The reason I think we, as a society, have the diet we do is because it’s cheap and fast. I forget who came up with this model, or where I heard it from first, but almost any commodity you can buy will have three costs: a material one (cheap vs. expensive), a temporal one (fast vs. slow) and a qualitative one (healthy vs. unhealthy). Obviously, what’s best is something that’s cheap, fast and healthy — it’s reasonably nutritious, doesn’t take a lot of time to prepare or consume, and doesn’t cost a lot. So much of our diet industry is based around chasing that holy grail. It’s why we have Power Bars and protein supplements, Slim-Fast and pre-packaged salads. We want to eat food that has it all. But something cheap, fast and healthy probably isn’t going to taste very good. But we don’t have time or money to spare, so we sacrifice quality to eat food we like. At least it’s cheap and fast!

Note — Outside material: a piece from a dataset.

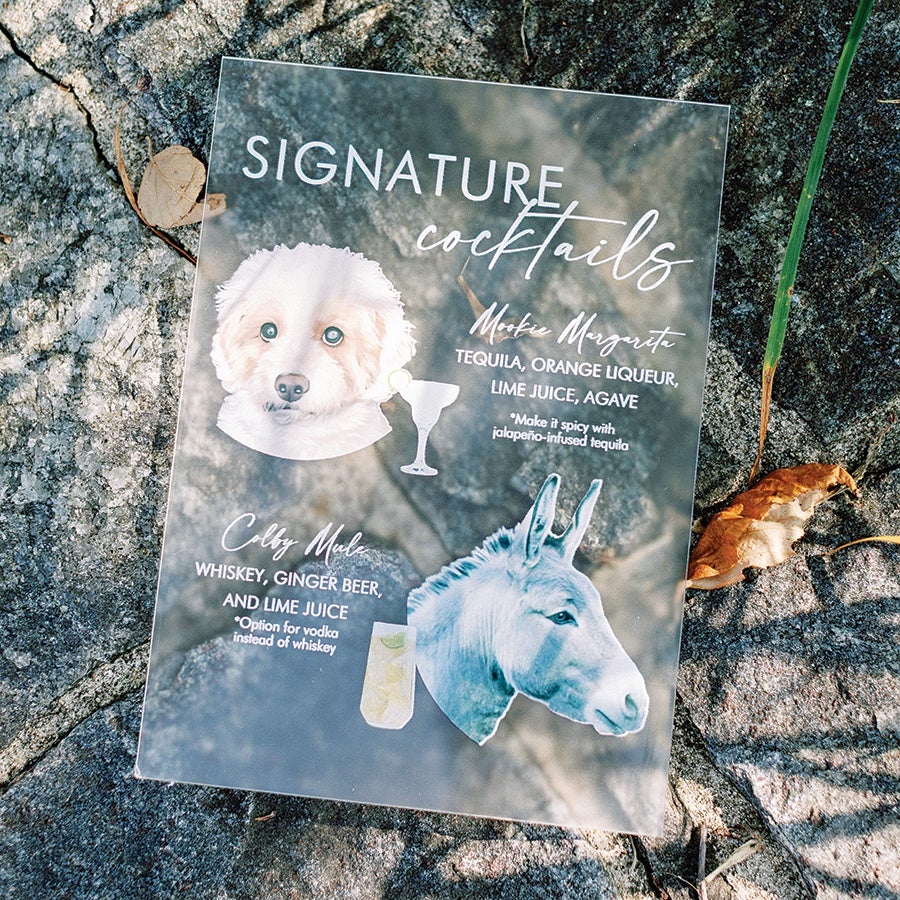 A clear acrylic sign on a stone surface displaying "Signature cocktails" with two illustrated animal heads: a white dog and a blue donkey. The dog represents the "Muttie Margarita" cocktail with ingredients tequila, orange liqueur, lime juice, and agave, with a note to make it spicy with jalapeño-infused tequila. The donkey represents the "Colby Mule" cocktail with whiskey, ginger beer, and lime juice, with an option for vodka instead of whiskey. Each cocktail is accompanied by a small illustration of its respective drink.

In order to make food that tastes good, you’re going to have to pony up for it somehow. It’s either going to be expensive (think of the pre-packaged stuff you get at Trader Joe’s or Whole Foods), take a lot of time to make (think of cooking your own healthy version of, well, anything) or it’s not going to be good for you (think of any fast-food restaurant). Sometimes you’ll have to pay in time AND money, and that’s basically what Whole30 forces you to do.

Getting locally-sourced, humanely-raised meat takes time; you have to research what sort of conditions are important to you (Is it important for the animal to be free-range? What about no antibiotics? What about vegetarian-fed?), then you have to find sources that match those criteria, then you have to find out where the product is being sold. When you do find it, it’s probably going to cost a lot. Our food production system is geared towards using factory farming methods, and anyone stepping out of that system will need to pay money to do it. In the end, you have to put your money where your mouth is and pay for your beliefs.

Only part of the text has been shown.